The International Center For Academic Integrity Conference 2021 took place virtually for the first time. As such, more than 1,000 attendees joined the event, with a variety of parallel sessions on offer. You can check my previous blog posts for my reports about the physical ICAI conference 2020 and ICAI conference 2019.
I gave a practitioner presentation on academic integrity teaching, co-presented at a workshop on publishing academic integrity research (abbreviated video version available here) and attended lots of interesting and topical sessions. This blog post is based solely on the sessions I was able to attend live. There are lots more sessions I’d still like to dip into. A good point about the conference being virtual is that the other presentations are all archived for attendees in video format.
The discussion at this conference was also excellent. Some comments are archived on Twitter with the hashtag #ICAI2021, but a lot of discussion also took place on Whova (the app used to run the conference) and in the text chat on Zoom. One thing that stood out for me is that there were such a lot of new attendees grappling with contract cheating and use of file sharing sites for the first time. We need to find more ways to get actionable information about academic integrity out to that audience.

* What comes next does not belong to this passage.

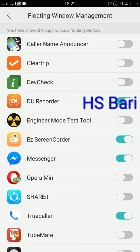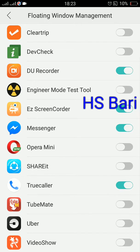Just click on Floating Window Management and switch on whichever app you want to allow floating. For example, my Messenger is on — if I switch it off, I will not be able to use my chat head. You can also see that True Caller is on and Digital Recorder is also on.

This isn’t the first report about the conference. The wonderful Debora Weber-Wulff was on the ball as usual and had her thoughts up within seconds of the final conference presentation concluding. As circumstances have it, Debora and I attended many of the same sessions. Then, just as I was finishing writing this post, I saw that the equally wonderful Sarah Eaton had posted her own thoughts about the conference collaborations she was involved with.

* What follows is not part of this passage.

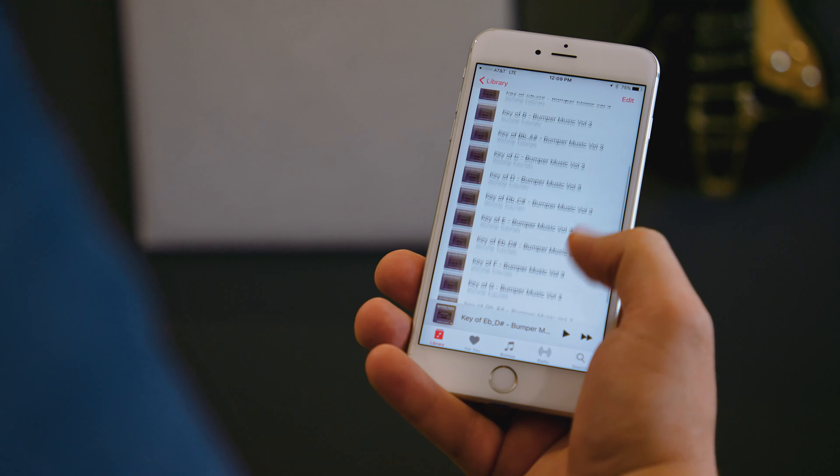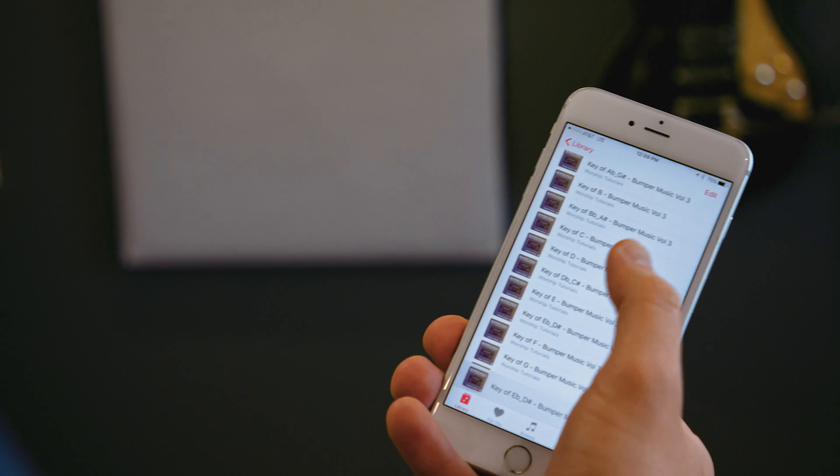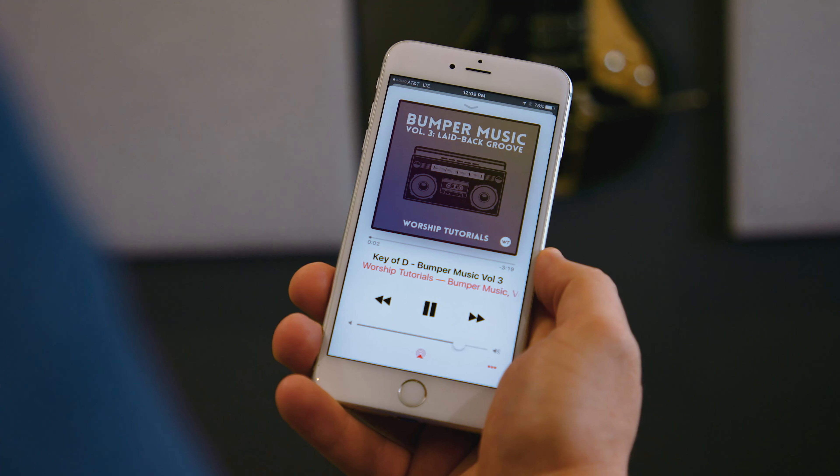The best way to describe what Bumper Music is, is just to have you listen to what is playing underneath me. So you're listening to Bumper Music Vol. 3. Bumper Music simply is like a song without lyrics that you can play during anything you want. Here in Bumper 3, it's kind of a mid-tempo pop rock track. It moves a little bit, but it's not too much that it draws attention to itself. It's going to bring a nice bit of energy and life into otherwise boring service elements like announcements.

As is traditional, I wanted to collect together some of my main thoughts, post conference and reflect on the findings. I also wanted to look at the academic integrity challenges and opportunities we should be addressing as we most forward. I’ve identified five main themes, somewhat interconnected, which really stood out to me.
#1 – Academic File Sharing Sites Pose A Risk To Academic Integrity
The single most dominant theme discussed at the conference was the way students have been misusing sites like Chegg to get answers to exams and coursework questions produced for them. This isn’t a new behaviour and indeed it could be considered as a variant to contract cheating, but it seemed like many delegates had not seen discussions of contract cheating before. Much of the increase was blamed on the move to online exams in light of Covid-19 and my own research with Codrin Cotarlan has seen an increase of 196.25% in homework requests post the move online, but the real situation is always more complex.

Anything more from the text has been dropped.